▼

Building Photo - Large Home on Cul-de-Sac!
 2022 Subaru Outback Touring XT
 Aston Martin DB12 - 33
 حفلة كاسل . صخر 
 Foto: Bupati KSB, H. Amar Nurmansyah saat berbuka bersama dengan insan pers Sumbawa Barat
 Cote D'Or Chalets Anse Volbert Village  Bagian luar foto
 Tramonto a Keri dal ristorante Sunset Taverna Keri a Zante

▲

## What you are asked to do
Copy the listing in full, and keep every word exactly as it is.

## Task answer
Building Photo - Large Home on Cul-de-Sac!
 2022 Subaru Outback Touring XT
 Aston Martin DB12 - 33
 حفلة كاسل . صخر 
 Foto: Bupati KSB, H. Amar Nurmansyah saat berbuka bersama dengan insan pers Sumbawa Barat
 Cote D'Or Chalets Anse Volbert Village  Bagian luar foto
 Tramonto a Keri dal ristorante Sunset Taverna Keri a Zante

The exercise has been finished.